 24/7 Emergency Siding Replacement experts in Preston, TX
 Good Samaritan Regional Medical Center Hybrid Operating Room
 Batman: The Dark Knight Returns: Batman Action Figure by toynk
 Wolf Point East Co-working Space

○ ○ ○

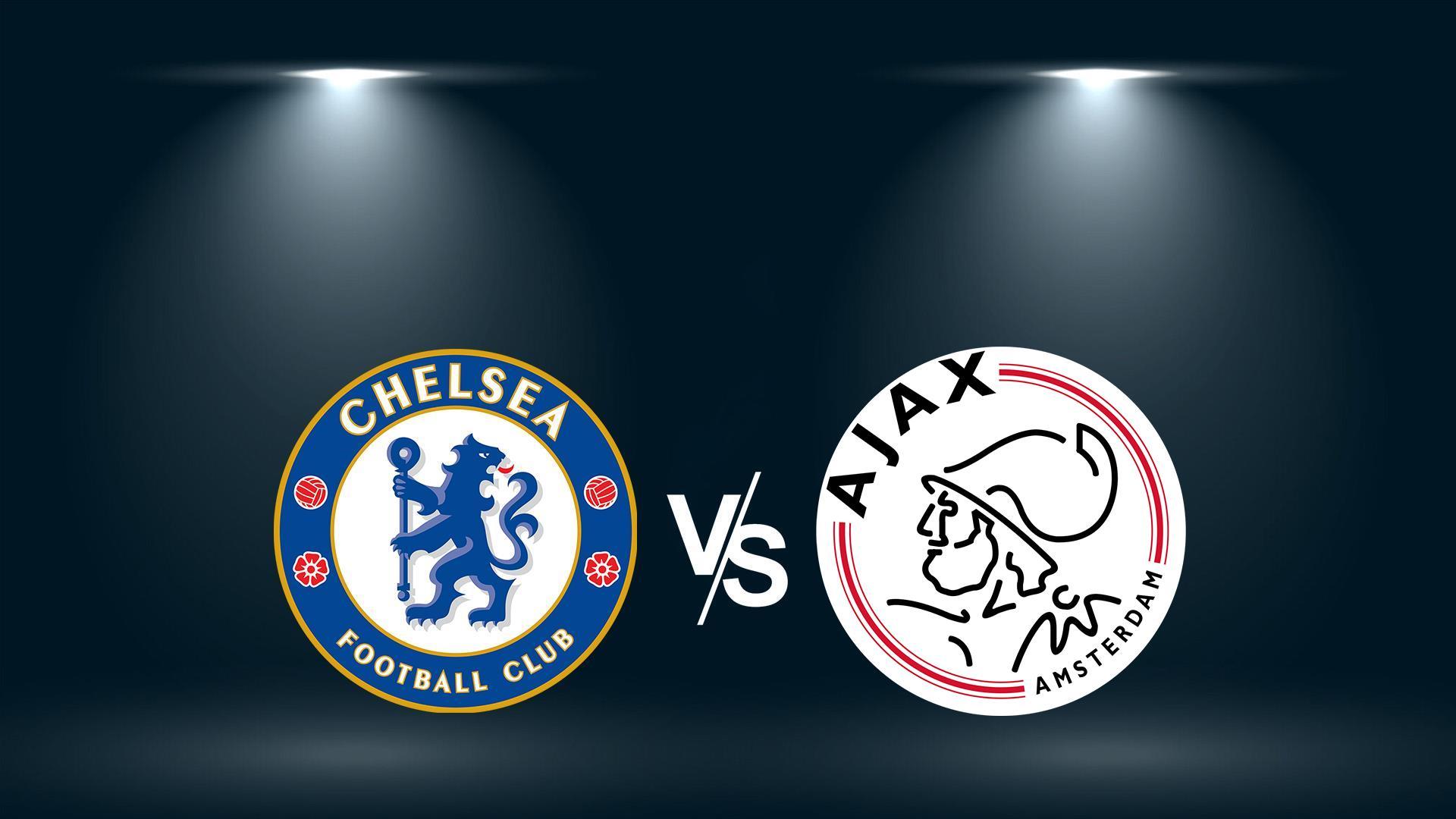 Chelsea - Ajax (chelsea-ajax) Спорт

○ ○ ○

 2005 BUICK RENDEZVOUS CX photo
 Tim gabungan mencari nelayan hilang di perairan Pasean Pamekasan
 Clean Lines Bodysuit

○ ○ ○

● **Goal of the exercise**: In the listing above, find the line containing "Tim gabungan mencari" and the line containing "Clean Lines Bodysuit". Output them and every line between, exactly, and nothing else.

● **Task solution**:
 Tim gabungan mencari nelayan hilang di perairan Pasean Pamekasan
 Clean Lines Bodysuit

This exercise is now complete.